Required work —
Output nothing except the lines from the one containing "Attractive, Nice, Cute" through the final line of the data, both included, typed exactly, minus the pictures.

Task material: Begin

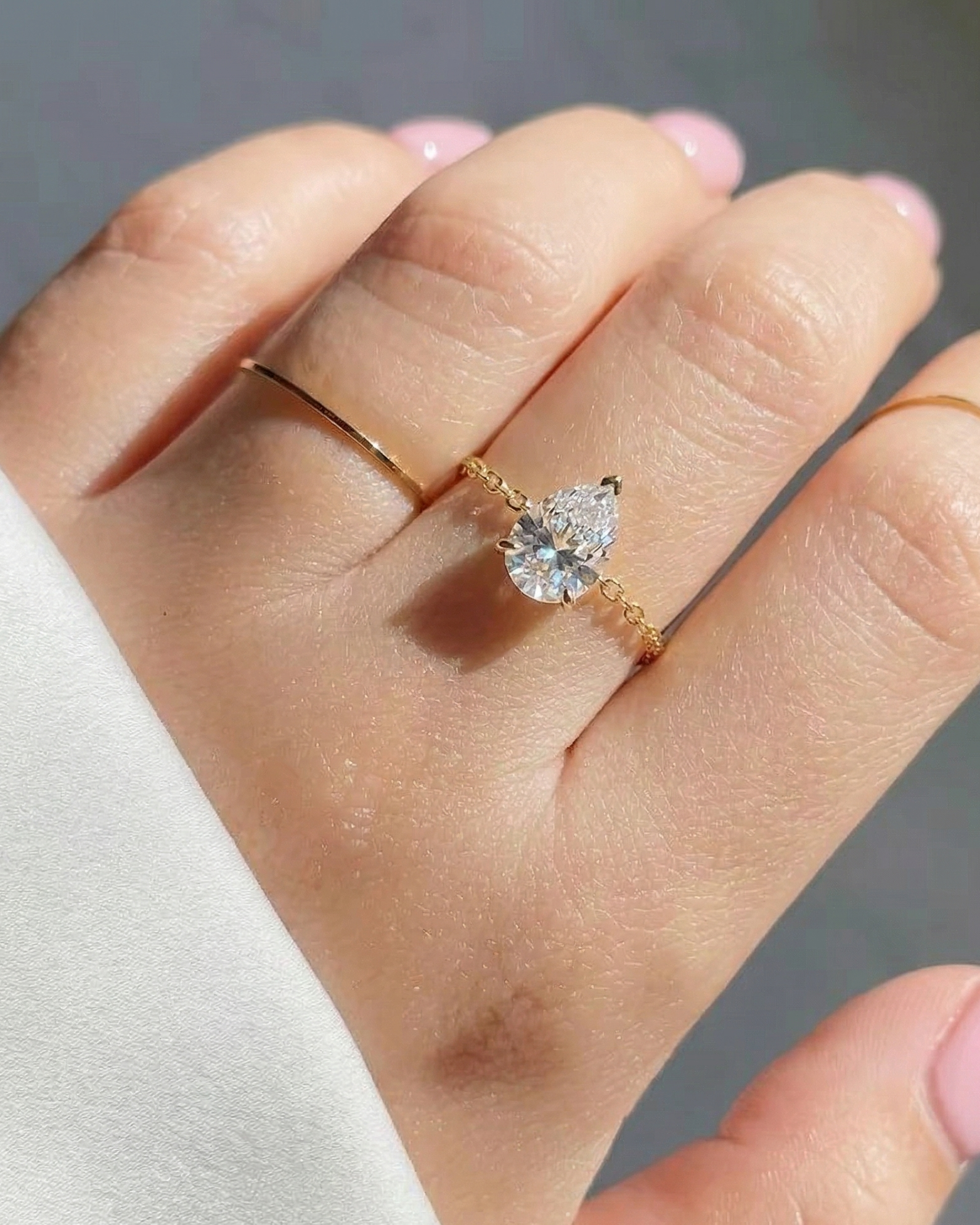 Hand wearing a gold ring with a heart-shaped diamond on a neutral background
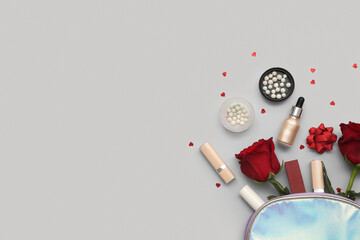 Cosmetic bag with makeup products and red roses on grey background. Valentine's day celebration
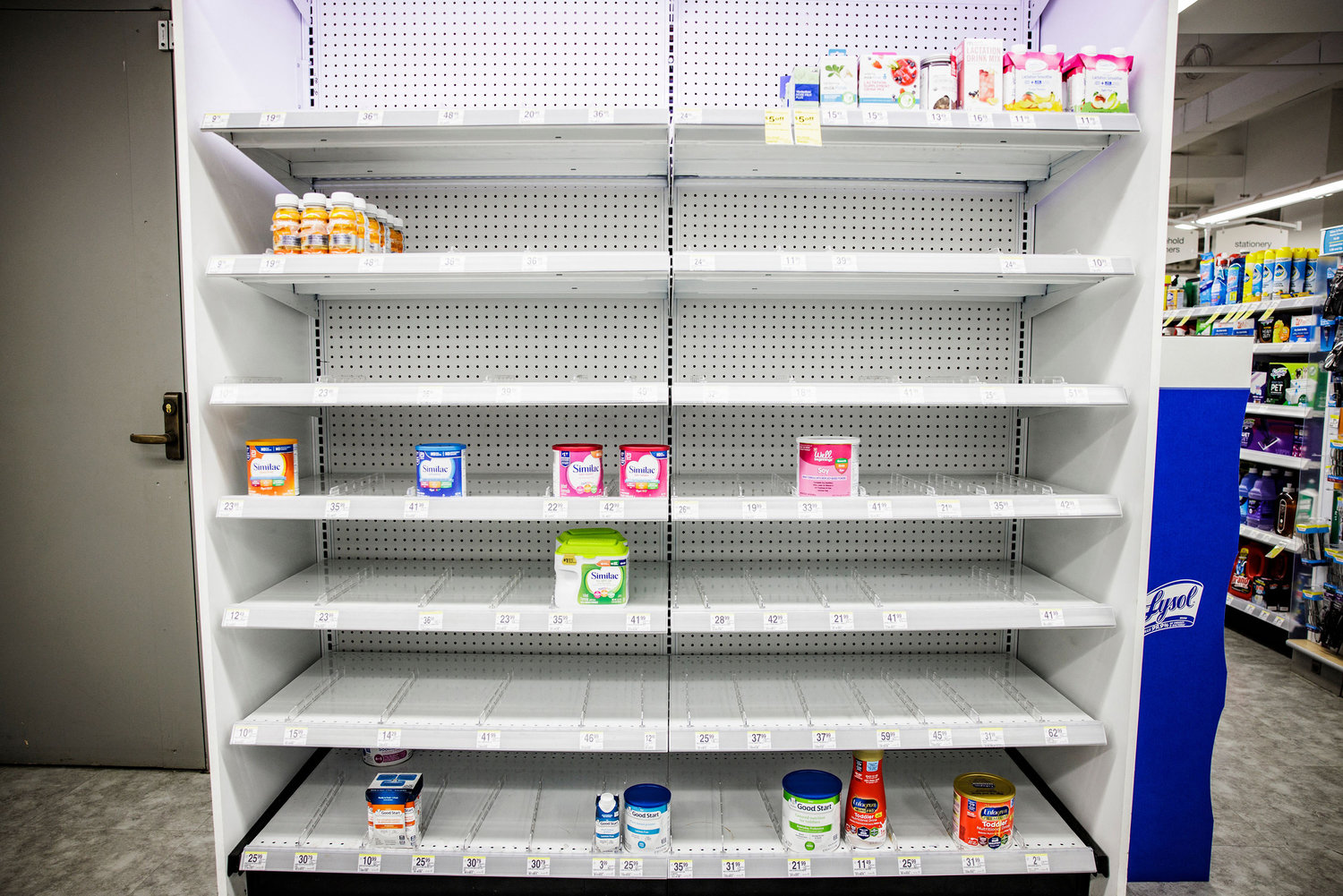 Shelves normally meant for baby formula sit nearly empty at a store in downtown Washington, D.C., on May 22, 2022. (Samuel Corum/AFP/Getty Images/TNS)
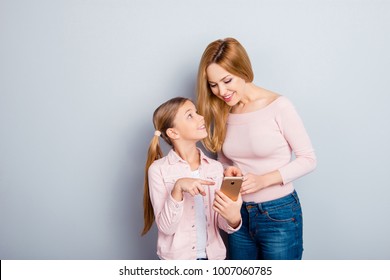 Attractive, Nice, Cute Kid Indicate With Index Finger On Digital Smart Phone Screen To Her Lovely Mother, Showing Something Interesting, Together Doing Online Shopping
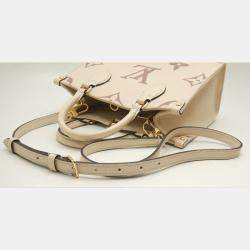 Louis Vuitton Cream Bicolor Monogram Empreinte Leather OnTheGo PM Tote Bag
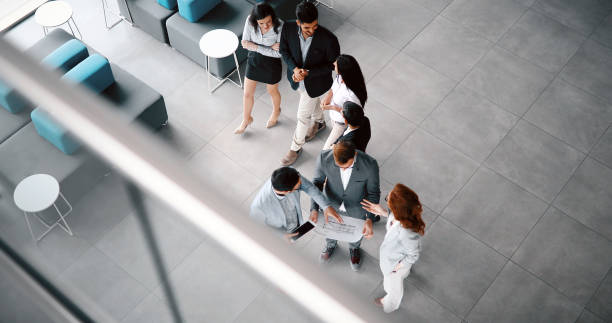 istock Corporate teamworking colleagues in modern office 886514750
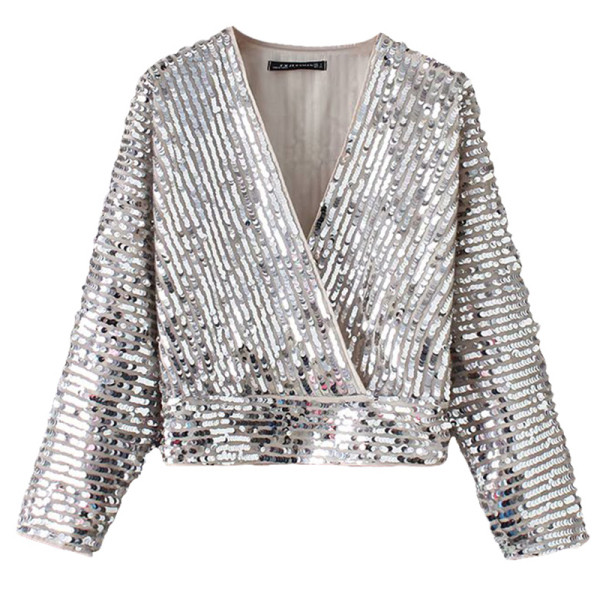 Modern női blúz mély V-nyakkal és flitterekkel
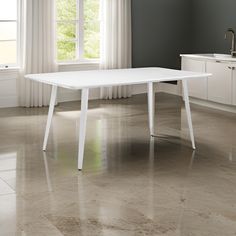 a white table sitting in the middle of a room next to a sink and window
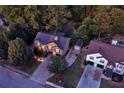 Aerial view showcases a beautiful home surrounded by mature trees and landscape at 1784 Virginia Grove Ln, Lawrenceville, GA 30045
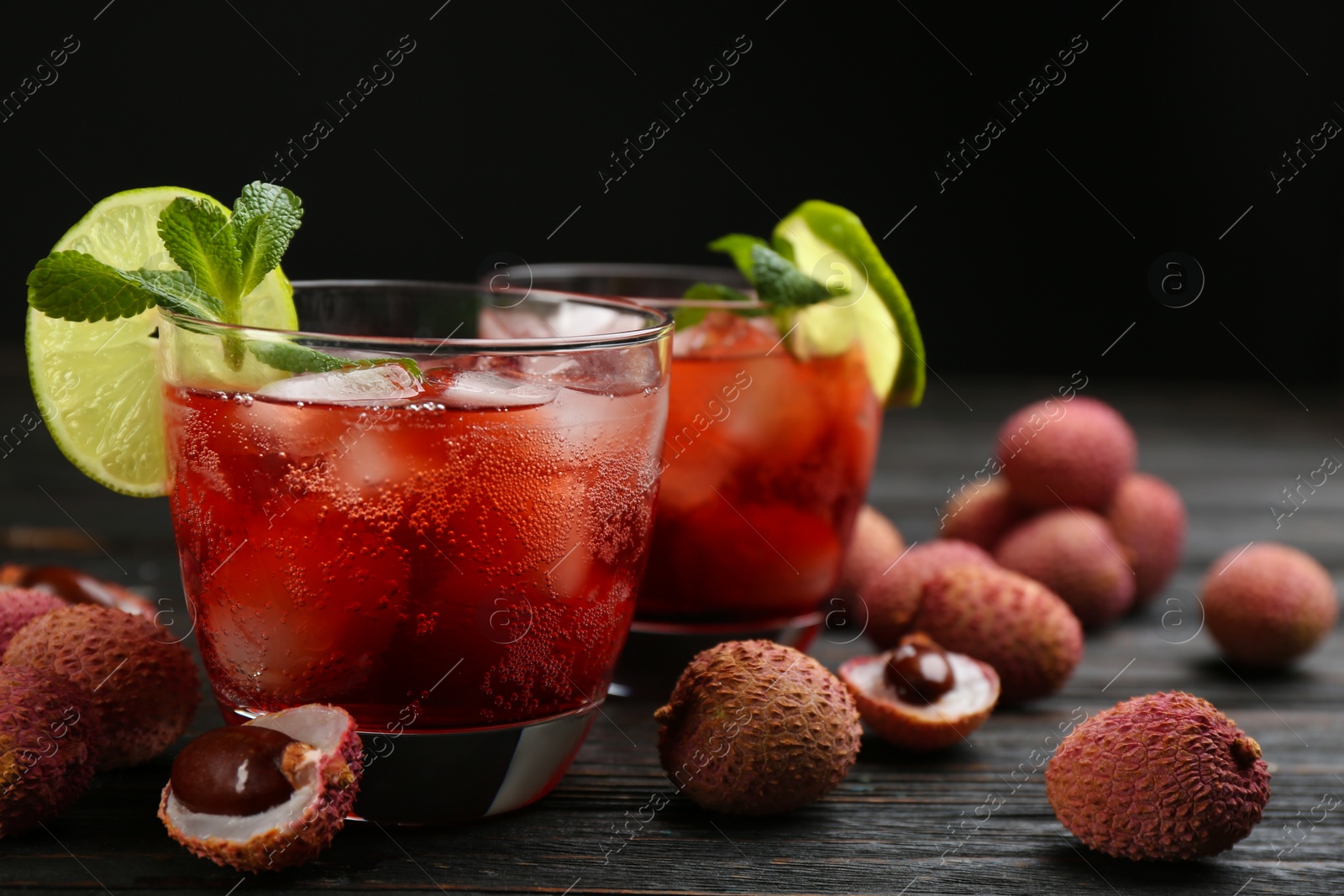 Photo of Lychee cocktail with lime, ice and mint on dark wooden table, space for text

Task material: End

Written solution —
 Attractive, Nice, Cute Kid Indicate With Index Finger On Digital Smart Phone Screen To Her Lovely Mother, Showing Something Interesting, Together Doing Online Shopping
 Louis Vuitton Cream Bicolor Monogram Empreinte Leather OnTheGo PM Tote Bag
 istock Corporate teamworking colleagues in modern office 886514750
 Modern női blúz mély V-nyakkal és flitterekkel
 a white table sitting in the middle of a room next to a sink and window
 Aerial view showcases a beautiful home surrounded by mature trees and landscape at 1784 Virginia Grove Ln, Lawrenceville, GA 30045
 Photo of Lychee cocktail with lime, ice and mint on dark wooden table, space for text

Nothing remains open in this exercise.